"An ensemble of singing actors they claim to be, and an ensemble of singing actors they are," Edward Ballantine, Ed. '07, assistant professor of Music and tutor in the Division of Music, told a CRIMSON reporter yesterday, speaking of the American Opera Company, which will feature "Harvard Night" at the Hollis Street Theatre this evening with its production of Gounod's "Faust."
"A performance by the American Opera Company gives to the audience not only keen artistic pleasure but a sense of participation in the making of musical history," Professor Ballantine said. "This company is an evidence of the recent growth of musical activity in America. All the singers are American, none of them over 32 years of age, and none is fat.
"While none is quite of the Metropolitan Opera calibre, all have excellent voices and there is among them a degree of teamwork which is often lacking in the company of stars. The company certainly justifies its claim of being singing actors. They sing to each other and not at the audience.
"Most of the chorus singers are soloists who take their turns in individual roles. As members of the chorus they are individualized in action, and, being a company which has worked together for four consecutive years, they bring out the dramatic value of the operas as well as the music.
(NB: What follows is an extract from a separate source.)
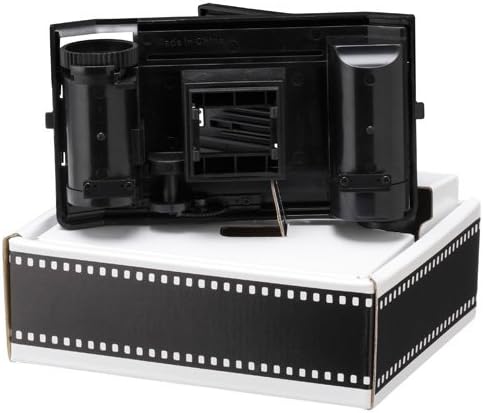 Superheadz 35mm Back Adapter for Holga 120 Cameras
"There is nothing routine about these productions of familiar operas. Rosing, the director, is full of original ideas, which are carried into execution in a spirited manner by members of the company. The settings of Robert Edmond Jones are a happy blend of impressionism and historical realism. The operas are sung in English, not in the old hack translations, but in careful adaptations of the words to the music by Robert Simon, the music critic of The New Yorker. For 'Faust' he has prepared a skilfully adapted libretto, while for the other operas English versions have been carefully, though less originally, made."